People Leadership (20%):
- Mentor, develop, and guide your SRE team;
- Excellent people manager who can be a hands-on player/coach;
- Help establish a collaborative work environment that fosters autonomy, transparency, innovation, and personal growth;
- Evangelize DevOps principle;
- Foster a fail fast, learn fast environment.
Technical Leadership (40%):
- Define vision, strategy, and roadmaps for SRE team;
- Support the growth by ensuring a robust, scalable, cloud-first infrastructure;
- Drive and own the measuring of SLA/SLO/SLI/uptime and ensure the organization meets set goals;
- Collaborate with Engineering teams to understand deployment practices and processes and work towards iteratively improving the release pipeline to provide a highly resilient deployment strategy, ideally with zero downtime;
- Ensure best engineering practices through automation, infrastructure as code, robust system monitoring, alerting, auto-scaling, self-healing, etc;
- A clear understanding of infrastructure, networking, configuration management, and computing services/deployment architecture;
- Experience building resiliency into system architecture;
- Experience in building CI/CD Pipeline;
- Collaborate and work closely with the Security teams to define and implement security compliance controls, auditing, and privacy initiatives;
- Experience in micro-service management experience;
- Propose architecture (software and infrastructure) changes that increase application availability and performance (i.e., drive design enhancements).

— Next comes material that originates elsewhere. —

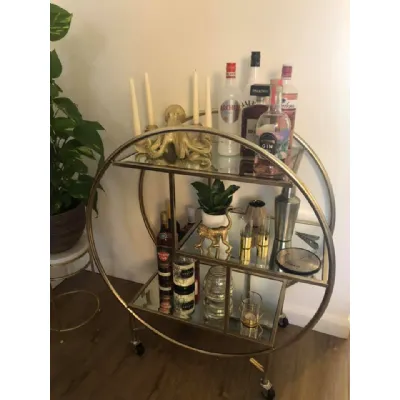 Silver Round Drinks Trolley 3 Mirrored Glass Shelves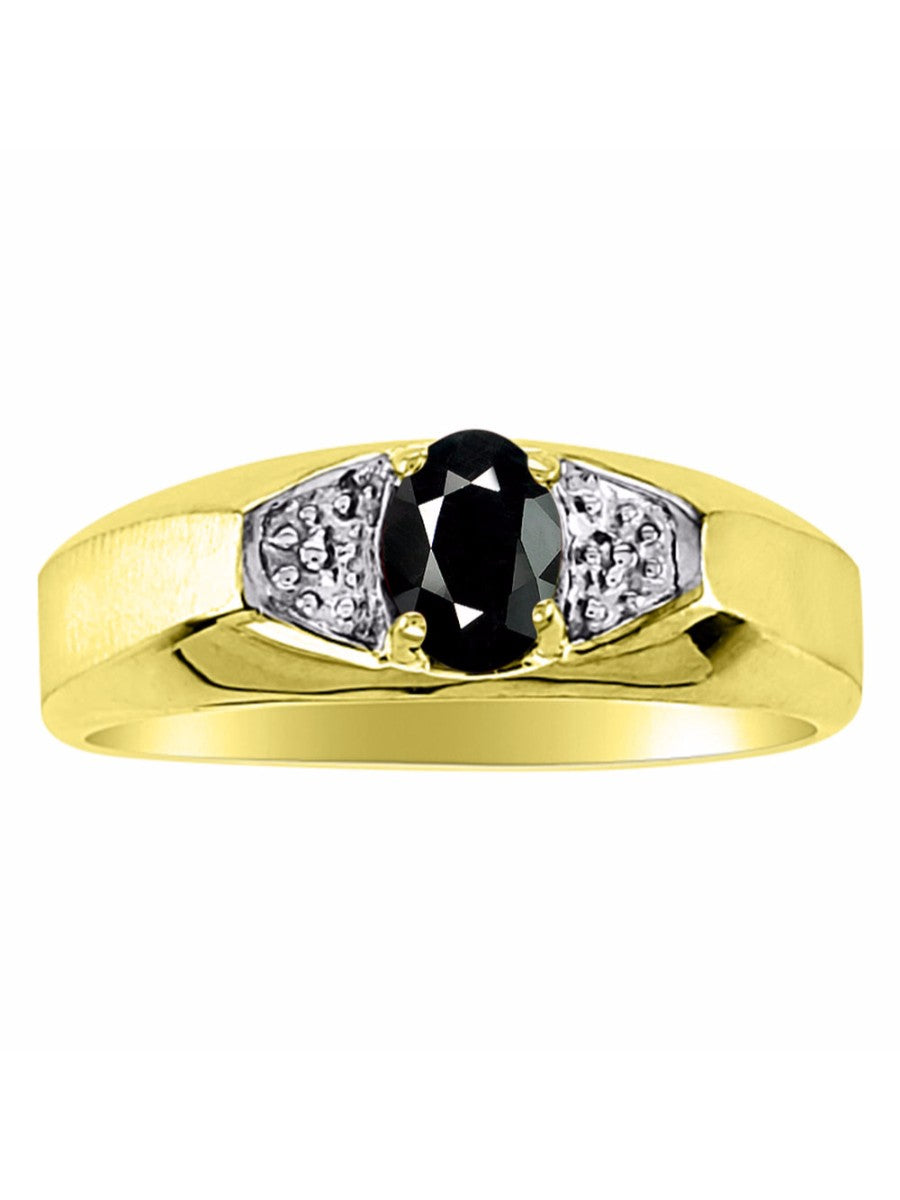 RYLOS Men's 14K Yellow Gold Classic 6X4MM Oval Gemstone & Diamond Ring - Birthstone Elegance, Sizes 8-13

- Collaborate and troubleshoot across multiple layers of a technical stack, including Applications, Database, Systems, Networking, and Development;
- Identify sources of instability in large-scale distributed systems and drive operational excellence;
- Analyze complex systems from a reliability and resilience perspective;
- Write and maintain infrastructure-as-code on AWS.

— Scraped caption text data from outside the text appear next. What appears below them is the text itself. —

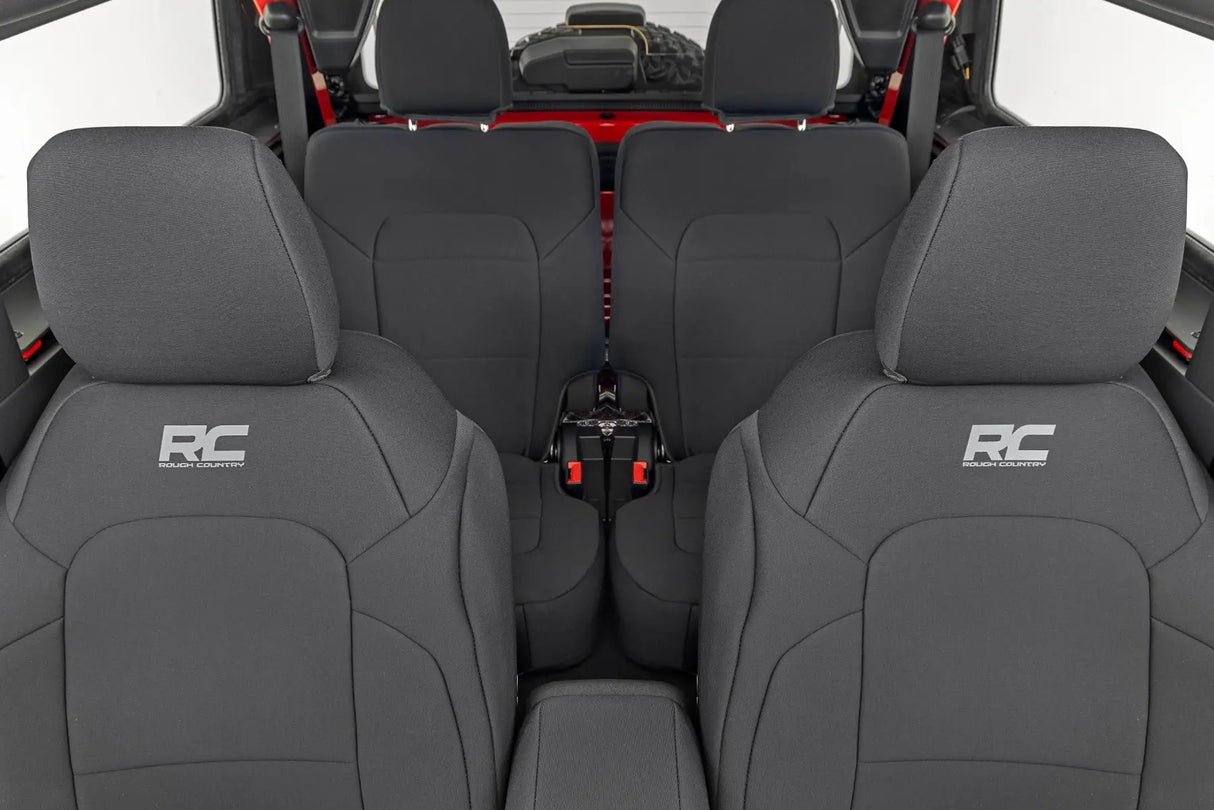 Rough Country Neoprene Seat Covers Front & Rear 2-Door Ford Bronco 4WD 2021-2026 91050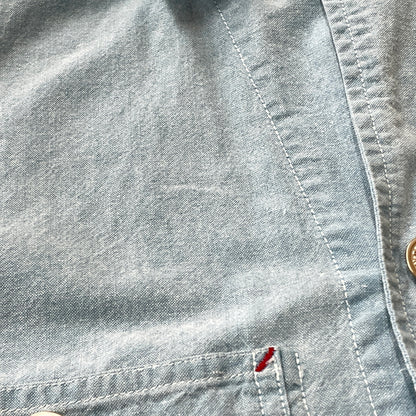 【中古品】【メンズ】 RALPH LAUREN COUNTRY ラルフ ローレン カントリー CHAMBRAY S/S SHIRTシャンブレー ショートスリーブ シャツ 半袖 トップス 147-261011-sa-13-teih サイズ：S カラー：ブルー系 万代Net店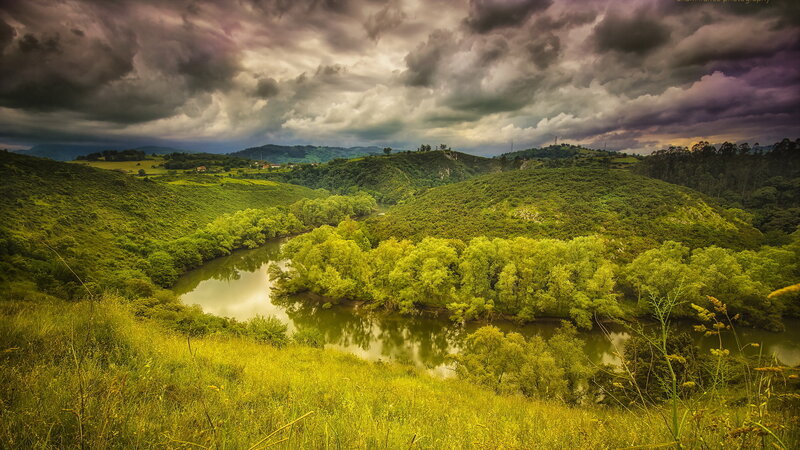 River Winding Through Hills — Green, Dramatic, Afternoon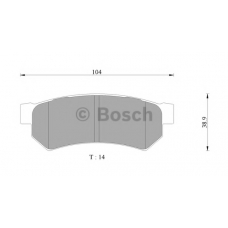 0 986 AB3 102 BOSCH Комплект тормозных колодок, дисковый тормоз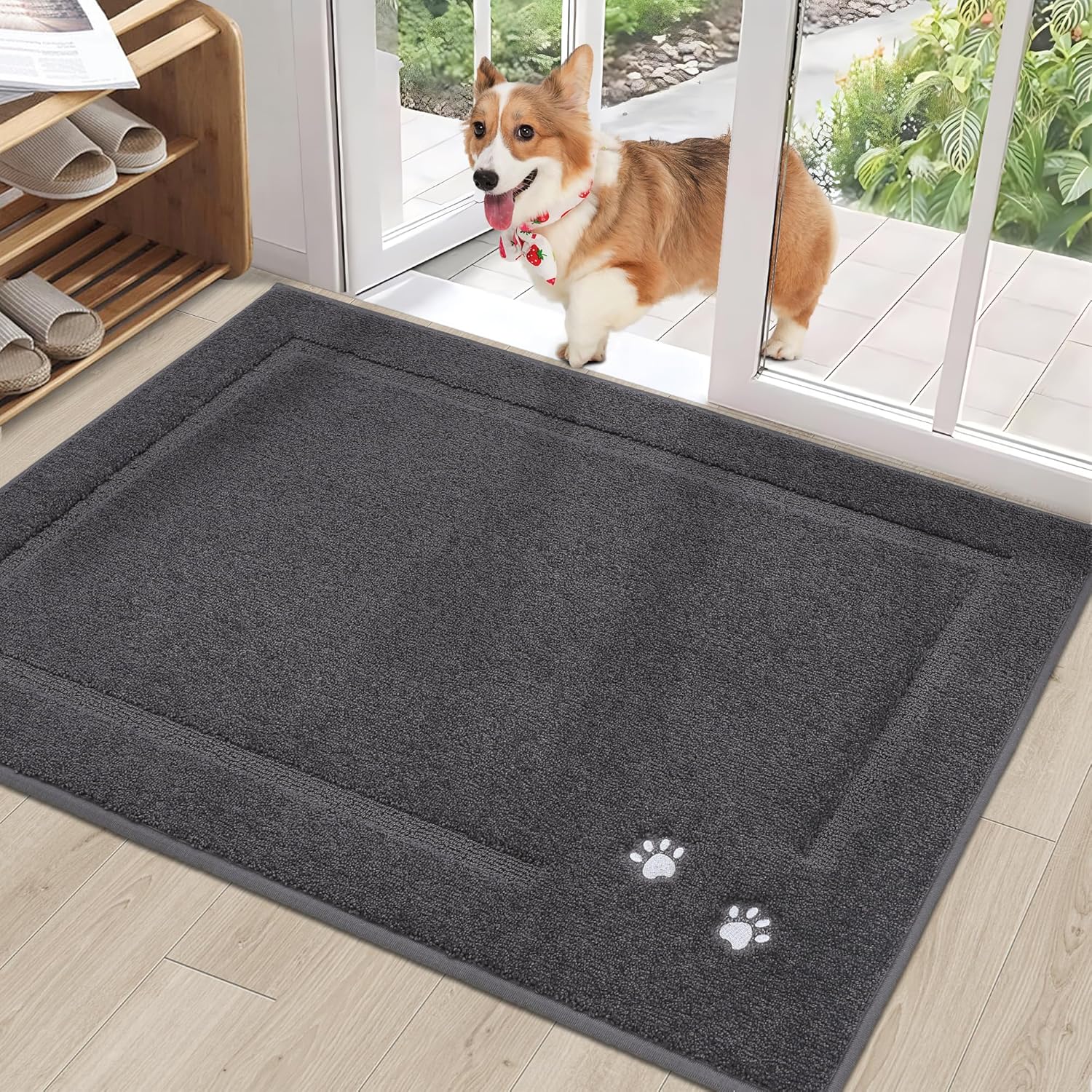 BEQHAUSE Dog Door Mat for Muddy Paws 32"x48" Dirt Trapper Absorbent Doormat Non Slip Entryway Rugs Washable Stain Resistant Welcome Floor Mat Soft Low-Profile for Front Back Door, Dark Grey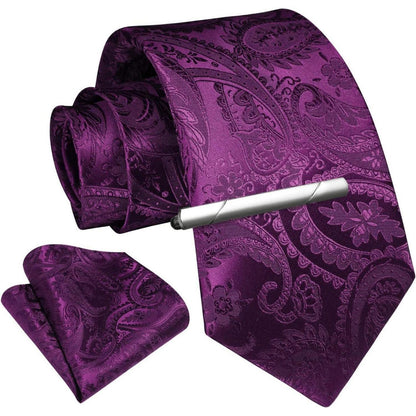 Herren Krawatten-Set mit Einstecktuch und Krawattennadel - Lila Paisley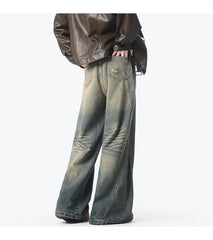 Threebooy American Style Vintage Straight Jeans Men Retro Fashion Mopping Pants Unisex High Street Loose Casual Wide Leg Denim Pants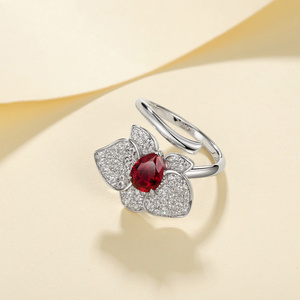 925 <b>Silver</b> Cultivated Ruby <b>Ring</b> Shines, <b>Adjustable</b>,Flower-Shaped,Perfect Gift for Girls for Engagement and Proposal Occasions L - Product Image 3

- Advanced level of English, good communication skills;
- BS/MS in Computer Science or equivalent experience;
- 7+ years of experience as a software engineer and engineering manager with demonstrated technical & Organizational Leadership;
- Proven experience in Microsoft development stack and leveraging SQL Server, .NET/C#, and IIS for enterprise software technology;
- 5+ years experience shipping distributed systems, services, and highly available infrastructure;
- Experience managing Site Reliability Engineering;
- Experience in defining and implementing highly resilient and reliable applications with a focus on automation, availability, and performance;
- Architect, build and operate AWS environments with well established best practices;
- AWS Professional Certifications are a plus: AWS Certified DevOps Engineer, AWS Certified Advance Networking, AWS Certified Database, AWS Certified Security, AWS Certified Solutions Architect.